Akhirnya, hingga cowok itu kepasar dan berbelanja masakan . ketikaia hendak membayarnya ,si pedagang keheranan dengan duit yang digunakan oleh cowok itu. Uang itu merupakan duit antik yang sudah tidak laris pada di saat ini. Penjual pun melaporkan terhadap pengawas pasar yang kemudian mengajak pemuda itu menghadap raja. Dihadapan raja cowok ini menceritakan kisah hidupnya. Raja menetiskan air mata mendengar kisah keimanan mereka. Raja menjelaskan bahwa raja mereka, Dikyanus sudah meninggal 309 tahun yang lalu. Pemuda itu pun keheranan alasannya ternyata ia dan teman-temannya sudah tertidur selama 309 tahun.
Melihat kesabaran dogma cowok ini, raja memerintakan pengawalnya untuk menjemput teman-teman cowok yang masih ada didalam gua . Raja bermaksut mengajak mereka tinggal di Istana , mereka menolaknya. Di hadapan raja dan masyarakat, cowok itu menyediakan usulan biar insan beriman terhadap Allah.Jangan pernah tunduk terhadap siapapun selain Allah. Allahlah Tuhan Yang Wajib Disembah, penguasa alam semesta dan daerah semua insan meminta pertolongan.

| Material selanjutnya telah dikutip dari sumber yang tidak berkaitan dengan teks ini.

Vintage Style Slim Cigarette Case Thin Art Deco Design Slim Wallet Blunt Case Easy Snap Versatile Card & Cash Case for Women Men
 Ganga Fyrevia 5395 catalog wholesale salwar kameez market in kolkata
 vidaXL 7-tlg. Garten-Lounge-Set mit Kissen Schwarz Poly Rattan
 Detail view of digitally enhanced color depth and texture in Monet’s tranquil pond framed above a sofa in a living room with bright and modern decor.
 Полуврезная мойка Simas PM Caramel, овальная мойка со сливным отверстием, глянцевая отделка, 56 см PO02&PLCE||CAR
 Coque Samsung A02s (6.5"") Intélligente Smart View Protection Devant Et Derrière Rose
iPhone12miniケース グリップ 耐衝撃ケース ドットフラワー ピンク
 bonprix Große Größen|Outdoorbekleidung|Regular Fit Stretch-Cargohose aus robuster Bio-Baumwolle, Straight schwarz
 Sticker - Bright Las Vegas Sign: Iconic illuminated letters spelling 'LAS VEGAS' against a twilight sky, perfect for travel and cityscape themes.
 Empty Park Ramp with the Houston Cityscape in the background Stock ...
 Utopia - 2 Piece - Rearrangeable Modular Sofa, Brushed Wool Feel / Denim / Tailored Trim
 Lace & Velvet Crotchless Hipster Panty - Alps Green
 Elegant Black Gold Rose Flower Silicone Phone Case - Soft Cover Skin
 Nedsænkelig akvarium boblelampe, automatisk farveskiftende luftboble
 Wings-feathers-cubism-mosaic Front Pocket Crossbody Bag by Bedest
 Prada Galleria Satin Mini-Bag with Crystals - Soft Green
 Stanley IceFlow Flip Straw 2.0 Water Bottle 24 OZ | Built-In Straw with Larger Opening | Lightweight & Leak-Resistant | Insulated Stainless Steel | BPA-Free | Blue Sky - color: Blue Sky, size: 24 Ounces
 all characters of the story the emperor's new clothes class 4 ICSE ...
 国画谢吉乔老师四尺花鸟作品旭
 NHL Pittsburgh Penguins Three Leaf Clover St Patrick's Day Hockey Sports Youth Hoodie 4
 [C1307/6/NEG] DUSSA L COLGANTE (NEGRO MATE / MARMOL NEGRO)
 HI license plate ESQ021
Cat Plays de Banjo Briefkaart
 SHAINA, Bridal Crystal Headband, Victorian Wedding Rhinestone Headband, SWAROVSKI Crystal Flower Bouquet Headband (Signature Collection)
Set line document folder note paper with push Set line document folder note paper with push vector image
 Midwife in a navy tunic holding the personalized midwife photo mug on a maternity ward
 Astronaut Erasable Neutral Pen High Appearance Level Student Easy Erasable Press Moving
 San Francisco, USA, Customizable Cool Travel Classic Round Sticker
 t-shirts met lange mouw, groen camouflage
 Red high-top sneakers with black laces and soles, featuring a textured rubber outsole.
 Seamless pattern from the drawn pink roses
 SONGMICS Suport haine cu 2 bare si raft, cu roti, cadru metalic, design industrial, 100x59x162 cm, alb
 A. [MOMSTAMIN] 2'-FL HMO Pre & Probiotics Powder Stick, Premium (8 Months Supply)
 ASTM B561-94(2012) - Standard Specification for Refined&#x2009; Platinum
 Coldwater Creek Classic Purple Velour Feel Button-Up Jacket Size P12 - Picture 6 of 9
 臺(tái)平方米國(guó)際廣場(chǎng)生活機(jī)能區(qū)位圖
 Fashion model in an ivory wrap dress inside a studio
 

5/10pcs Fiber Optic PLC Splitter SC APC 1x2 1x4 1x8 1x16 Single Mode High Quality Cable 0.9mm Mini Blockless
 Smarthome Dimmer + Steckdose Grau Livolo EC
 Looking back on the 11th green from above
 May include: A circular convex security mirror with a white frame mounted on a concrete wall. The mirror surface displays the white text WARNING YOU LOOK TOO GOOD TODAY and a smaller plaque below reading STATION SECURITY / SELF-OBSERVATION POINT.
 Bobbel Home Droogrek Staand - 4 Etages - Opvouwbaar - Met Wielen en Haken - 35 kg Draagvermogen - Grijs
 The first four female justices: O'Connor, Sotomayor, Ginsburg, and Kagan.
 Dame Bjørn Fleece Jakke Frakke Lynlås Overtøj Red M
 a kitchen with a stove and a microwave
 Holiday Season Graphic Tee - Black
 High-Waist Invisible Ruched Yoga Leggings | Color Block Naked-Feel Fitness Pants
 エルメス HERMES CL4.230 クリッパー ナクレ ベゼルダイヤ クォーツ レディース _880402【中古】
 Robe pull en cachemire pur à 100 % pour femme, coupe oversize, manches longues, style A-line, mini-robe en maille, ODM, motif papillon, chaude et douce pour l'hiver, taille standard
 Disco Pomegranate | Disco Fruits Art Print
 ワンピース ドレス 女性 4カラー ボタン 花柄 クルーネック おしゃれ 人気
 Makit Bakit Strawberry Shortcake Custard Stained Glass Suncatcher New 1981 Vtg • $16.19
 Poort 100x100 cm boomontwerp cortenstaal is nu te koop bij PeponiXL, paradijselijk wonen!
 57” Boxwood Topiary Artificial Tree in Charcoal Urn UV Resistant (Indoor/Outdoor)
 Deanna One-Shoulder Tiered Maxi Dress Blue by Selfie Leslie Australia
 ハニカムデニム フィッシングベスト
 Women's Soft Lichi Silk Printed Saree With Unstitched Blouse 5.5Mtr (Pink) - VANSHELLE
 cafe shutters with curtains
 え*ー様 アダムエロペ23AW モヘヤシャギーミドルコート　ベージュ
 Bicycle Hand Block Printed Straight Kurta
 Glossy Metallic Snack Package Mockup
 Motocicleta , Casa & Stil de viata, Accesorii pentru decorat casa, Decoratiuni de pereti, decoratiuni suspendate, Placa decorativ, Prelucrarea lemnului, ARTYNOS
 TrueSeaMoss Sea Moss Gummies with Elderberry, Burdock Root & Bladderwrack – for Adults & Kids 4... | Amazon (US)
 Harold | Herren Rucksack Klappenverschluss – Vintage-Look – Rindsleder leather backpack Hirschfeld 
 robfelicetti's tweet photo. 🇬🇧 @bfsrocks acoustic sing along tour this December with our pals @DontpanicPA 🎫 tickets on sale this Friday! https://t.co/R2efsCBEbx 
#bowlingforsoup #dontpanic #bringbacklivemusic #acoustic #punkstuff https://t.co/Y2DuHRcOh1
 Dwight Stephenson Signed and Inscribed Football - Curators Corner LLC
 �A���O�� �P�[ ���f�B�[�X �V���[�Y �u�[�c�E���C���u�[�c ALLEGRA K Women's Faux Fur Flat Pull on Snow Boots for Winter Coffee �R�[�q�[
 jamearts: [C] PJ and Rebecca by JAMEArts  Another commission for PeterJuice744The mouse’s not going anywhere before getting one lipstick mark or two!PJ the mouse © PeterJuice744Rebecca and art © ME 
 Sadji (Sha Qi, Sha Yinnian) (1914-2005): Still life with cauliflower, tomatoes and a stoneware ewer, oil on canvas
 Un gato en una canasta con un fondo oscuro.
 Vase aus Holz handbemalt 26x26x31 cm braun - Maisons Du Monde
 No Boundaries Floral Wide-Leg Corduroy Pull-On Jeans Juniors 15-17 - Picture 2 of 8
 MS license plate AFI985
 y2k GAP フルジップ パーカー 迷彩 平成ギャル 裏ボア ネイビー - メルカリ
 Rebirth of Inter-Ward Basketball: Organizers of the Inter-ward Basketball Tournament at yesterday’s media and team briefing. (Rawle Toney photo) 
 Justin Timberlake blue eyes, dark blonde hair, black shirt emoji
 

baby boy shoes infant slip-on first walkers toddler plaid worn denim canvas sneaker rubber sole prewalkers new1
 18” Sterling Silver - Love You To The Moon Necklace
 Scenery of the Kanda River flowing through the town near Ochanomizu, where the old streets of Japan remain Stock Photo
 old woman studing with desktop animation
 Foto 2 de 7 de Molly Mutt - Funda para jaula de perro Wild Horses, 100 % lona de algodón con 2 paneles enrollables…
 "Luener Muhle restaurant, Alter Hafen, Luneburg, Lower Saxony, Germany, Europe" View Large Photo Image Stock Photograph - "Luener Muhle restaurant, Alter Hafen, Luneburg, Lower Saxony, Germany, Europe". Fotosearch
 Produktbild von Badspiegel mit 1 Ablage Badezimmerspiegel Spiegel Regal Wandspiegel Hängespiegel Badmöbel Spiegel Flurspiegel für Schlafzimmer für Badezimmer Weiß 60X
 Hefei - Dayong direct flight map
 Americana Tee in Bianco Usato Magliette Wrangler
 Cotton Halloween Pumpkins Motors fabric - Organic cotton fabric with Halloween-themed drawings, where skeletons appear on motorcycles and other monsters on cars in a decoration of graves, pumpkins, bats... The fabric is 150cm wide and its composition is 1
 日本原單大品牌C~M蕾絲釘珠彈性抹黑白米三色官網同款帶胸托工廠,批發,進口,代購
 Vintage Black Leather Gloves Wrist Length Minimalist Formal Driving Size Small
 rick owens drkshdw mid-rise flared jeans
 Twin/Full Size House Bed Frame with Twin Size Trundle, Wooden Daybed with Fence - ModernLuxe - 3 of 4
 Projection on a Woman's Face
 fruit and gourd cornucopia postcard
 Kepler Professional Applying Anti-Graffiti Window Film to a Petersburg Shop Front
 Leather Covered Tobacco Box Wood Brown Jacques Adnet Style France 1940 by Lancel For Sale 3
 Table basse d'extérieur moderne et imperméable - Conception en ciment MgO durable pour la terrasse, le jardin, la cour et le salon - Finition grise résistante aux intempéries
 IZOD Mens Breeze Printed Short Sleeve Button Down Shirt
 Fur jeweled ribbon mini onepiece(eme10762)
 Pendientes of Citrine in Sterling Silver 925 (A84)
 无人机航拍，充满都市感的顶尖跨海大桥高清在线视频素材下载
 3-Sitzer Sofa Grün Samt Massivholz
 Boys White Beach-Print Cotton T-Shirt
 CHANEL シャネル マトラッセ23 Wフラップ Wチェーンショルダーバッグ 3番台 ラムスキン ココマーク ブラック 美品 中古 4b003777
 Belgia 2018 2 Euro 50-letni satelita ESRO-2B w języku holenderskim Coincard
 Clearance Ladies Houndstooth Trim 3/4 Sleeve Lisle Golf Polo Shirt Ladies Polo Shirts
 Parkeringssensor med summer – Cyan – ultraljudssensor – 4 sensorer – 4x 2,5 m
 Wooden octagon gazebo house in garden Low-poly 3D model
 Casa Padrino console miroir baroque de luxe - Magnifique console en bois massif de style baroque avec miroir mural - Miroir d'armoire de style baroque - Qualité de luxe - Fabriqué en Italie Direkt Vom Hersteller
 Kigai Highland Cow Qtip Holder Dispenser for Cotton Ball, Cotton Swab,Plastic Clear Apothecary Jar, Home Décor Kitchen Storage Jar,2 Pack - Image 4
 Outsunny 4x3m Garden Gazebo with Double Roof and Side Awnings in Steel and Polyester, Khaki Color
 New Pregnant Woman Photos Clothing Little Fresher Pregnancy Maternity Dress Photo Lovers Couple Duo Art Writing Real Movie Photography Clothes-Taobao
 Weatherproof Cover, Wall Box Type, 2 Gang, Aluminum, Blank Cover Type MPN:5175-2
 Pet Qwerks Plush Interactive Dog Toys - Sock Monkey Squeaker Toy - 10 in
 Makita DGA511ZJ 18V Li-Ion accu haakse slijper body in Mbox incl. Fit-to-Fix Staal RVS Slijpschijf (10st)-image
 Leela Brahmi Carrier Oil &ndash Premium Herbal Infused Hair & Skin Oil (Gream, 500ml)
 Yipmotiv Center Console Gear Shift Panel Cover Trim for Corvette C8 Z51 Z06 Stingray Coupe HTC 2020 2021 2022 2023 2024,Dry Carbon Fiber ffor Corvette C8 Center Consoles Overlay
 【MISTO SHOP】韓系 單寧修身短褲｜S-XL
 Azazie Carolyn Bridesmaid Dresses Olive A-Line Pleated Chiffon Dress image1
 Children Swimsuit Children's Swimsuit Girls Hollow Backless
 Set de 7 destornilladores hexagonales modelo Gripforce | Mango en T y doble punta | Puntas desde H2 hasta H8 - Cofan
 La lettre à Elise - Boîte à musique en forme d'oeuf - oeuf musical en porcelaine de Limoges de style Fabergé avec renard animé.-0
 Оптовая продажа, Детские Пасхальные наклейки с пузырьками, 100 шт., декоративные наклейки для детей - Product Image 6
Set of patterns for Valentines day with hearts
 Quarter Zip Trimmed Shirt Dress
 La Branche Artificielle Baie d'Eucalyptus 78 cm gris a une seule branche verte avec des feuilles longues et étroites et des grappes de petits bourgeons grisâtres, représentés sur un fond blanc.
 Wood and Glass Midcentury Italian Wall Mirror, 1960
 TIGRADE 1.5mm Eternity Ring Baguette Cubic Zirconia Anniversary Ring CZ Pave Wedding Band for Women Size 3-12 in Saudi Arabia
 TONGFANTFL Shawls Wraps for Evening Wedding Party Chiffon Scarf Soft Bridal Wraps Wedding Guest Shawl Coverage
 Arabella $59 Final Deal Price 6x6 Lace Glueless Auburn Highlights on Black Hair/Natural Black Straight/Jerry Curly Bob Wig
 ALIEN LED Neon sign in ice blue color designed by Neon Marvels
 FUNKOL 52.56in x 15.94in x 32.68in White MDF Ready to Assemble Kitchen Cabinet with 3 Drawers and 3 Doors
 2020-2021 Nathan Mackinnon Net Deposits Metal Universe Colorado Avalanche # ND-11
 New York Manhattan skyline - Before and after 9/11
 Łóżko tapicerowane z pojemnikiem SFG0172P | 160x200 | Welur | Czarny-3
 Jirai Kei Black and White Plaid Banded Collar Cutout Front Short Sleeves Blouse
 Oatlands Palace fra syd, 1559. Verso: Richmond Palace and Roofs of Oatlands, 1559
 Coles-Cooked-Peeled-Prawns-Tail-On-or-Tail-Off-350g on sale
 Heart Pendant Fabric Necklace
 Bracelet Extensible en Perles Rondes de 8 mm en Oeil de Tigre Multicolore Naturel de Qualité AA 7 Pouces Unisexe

Para cowok ini pun kembali masuk ke dalam gua .Atas kekuasaan Allah,malaikat kematian mengambil roh mereka .Allah pun melenyapkan pintu gua tanpa bekas. Tidak ada seorang pun yang sanggup mendapatkan pintu gua itu kembali. Itulah bukti kekuasaan Allah,agar insan beriman kepada-Nya.